I shake my head, disagreeing slightly. “I think….I needed to tell someone. It didn’t matter if I talked or not, I was still hiding in my closet, hurting and scared and messy. Talking didn’t make things worse. I was already hurting. And at least with telling you, I wasn’t alone, and I had someone to talk to when I was in my closet scared. I never had that before. It wasn’t a bad thing. And I needed to talk. I couldn’t be alone with it all anymore.”
She nods, thinking about my words. I can see her really listening, and hearing me. “You did need someone to hear you, you needed to know you weren’t alone anymore. You spent so much time, so very alone, isolated. I’m glad I was able to help you feel not alone.”
“If you hadn’t let me talk….if you had made me work on resources….I wouldn’t be here. I’d have left. I wouldn’t have been able to be okay here.”
“Hmmmm….you really needed to let those secrets out. Do you really think you would have left therapy though, if we had focused on resourcing first?” She sounds very curious, and maybe a little bit surprised.
I nod my head. “Yeah, I do.” I want to explain that after the last few months of feeling like she didn’t want the little girl to talk, like she didn’t want to listen, that if I had felt that at the beginning of therapy, I would have left. Instead, when I met Bea, she was open and honest, authentic and real; everything about her said that she wanted to listen, to help, and that she cared. That is what I needed then. I needed to know someone wanted to be there.
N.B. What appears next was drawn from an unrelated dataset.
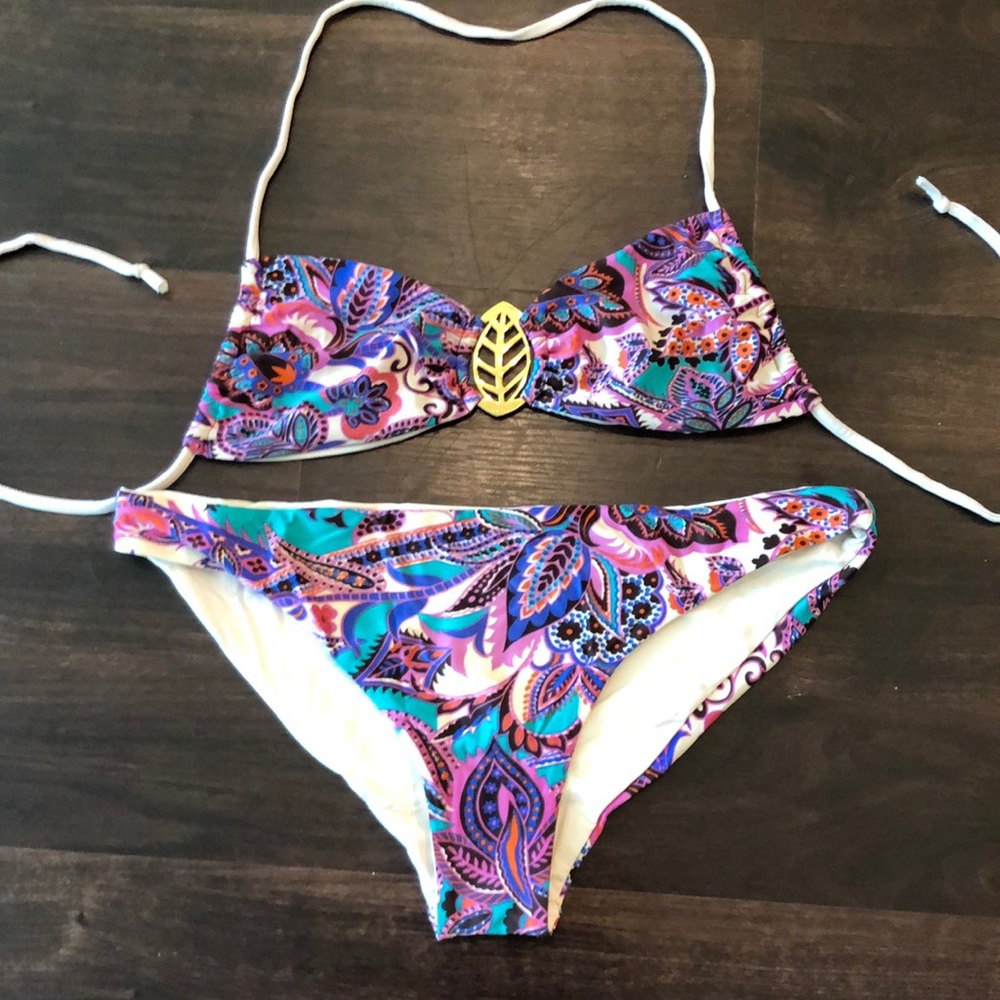 L*Space Bikini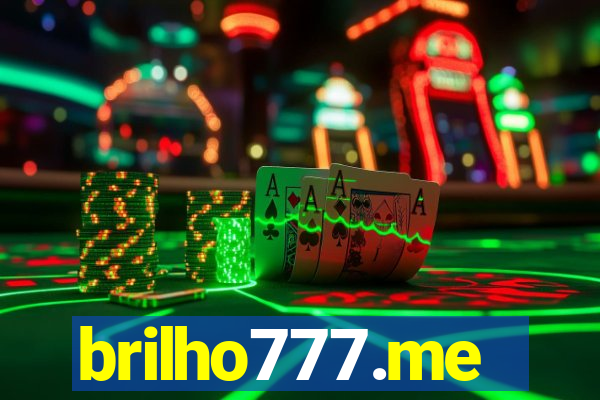 brilho777.me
We talk about how things happen the way the need to, and that she had been what I needed then. She tells me that she thinks we are at the same place we would have been if she had insisted on focusing on resources and coping skills first. We talk about how I am allowed to talk about things already discussed, and how it’s okay to bring something up again and again. She says that now I can really start to process and work through it all.
After that, we are both silent for a few minutes, focusing on our pictures. Bea suddenly sets her picture down, and looks at me. “Are you feeling as though I’m not listening to you because I’m coloring? Is that making it hard for you to say what you were thinking?”
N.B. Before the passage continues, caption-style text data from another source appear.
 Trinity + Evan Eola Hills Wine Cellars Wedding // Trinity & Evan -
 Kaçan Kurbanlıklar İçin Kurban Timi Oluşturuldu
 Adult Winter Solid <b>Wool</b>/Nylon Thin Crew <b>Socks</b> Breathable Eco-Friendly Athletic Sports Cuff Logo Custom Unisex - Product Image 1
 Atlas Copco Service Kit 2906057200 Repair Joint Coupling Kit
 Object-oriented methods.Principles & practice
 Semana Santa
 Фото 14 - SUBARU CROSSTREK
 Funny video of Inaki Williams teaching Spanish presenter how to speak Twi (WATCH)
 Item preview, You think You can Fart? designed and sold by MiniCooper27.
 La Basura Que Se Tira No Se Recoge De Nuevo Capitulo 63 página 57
I shake my head. “No….you can color. That’s not…that’s not why it’s hard to talk right now.” It’s almost easier, in a way, because she isn’t looking at me when she is coloring. I just can’t get the words out.
“Okay. I just wanted to be sure. Because I am listening, and I do want to hear what you have to say,” she says gently.
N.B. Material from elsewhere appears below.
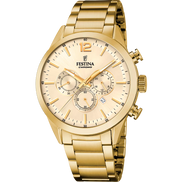 Festina Orologio Uomo Cronografo f20633/4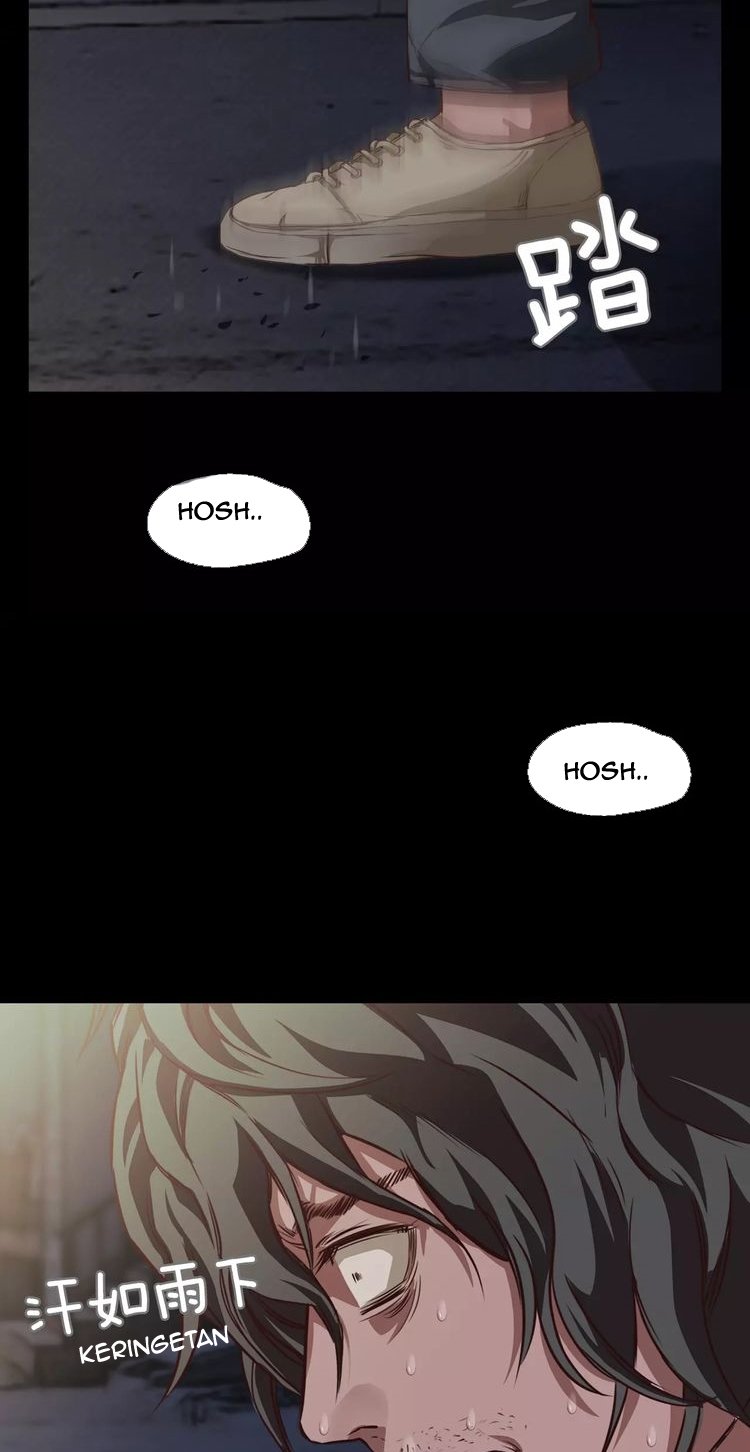 Lucky Bad Man Chapter 02 Gambar 4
“Okay.” I focus on coloring again, this time with a bright orange pencil. “I just…I can’t say it right now.”
“That’s okay. We have lots of time. You’ll say it when you are ready.” She is so reassuring, so calm and confident that things will be okay. And, for the first time, I think I believe her.
We wrap things up, and I tell her that maybe I will write it down, or talk about it on Thursday. She tells me she is listening, and here, whenever I’m ready.
When I’m in my car, I think about it. The idea, the thought just won’t stop running through my mind. I blame myself, I blame my parents, I’m hurt that no adult in my life noticed, but I can’t put any of the blame on him. Why is that? I’m afraid that if I let myself blame him, even a little bit, a massive amount of anger and rage and hurt and pain and tears will be unleashed. I’m afraid I will have to face the fact that I had no control, and that terrifies me. I think I will drown in the anger and hurt, and the loss of control will kill me. I can’t say the thought out loud because then it will be real, and I’ll have to examine it and wonder about it and talk about it. And I’m afraid Bea will be happy I’m thinking these things, thinking in this new way, and she will want me to face all of it. I can’t do it. I just can’t do. And still, I think, what if? What if I could put some of the blame on him? What if?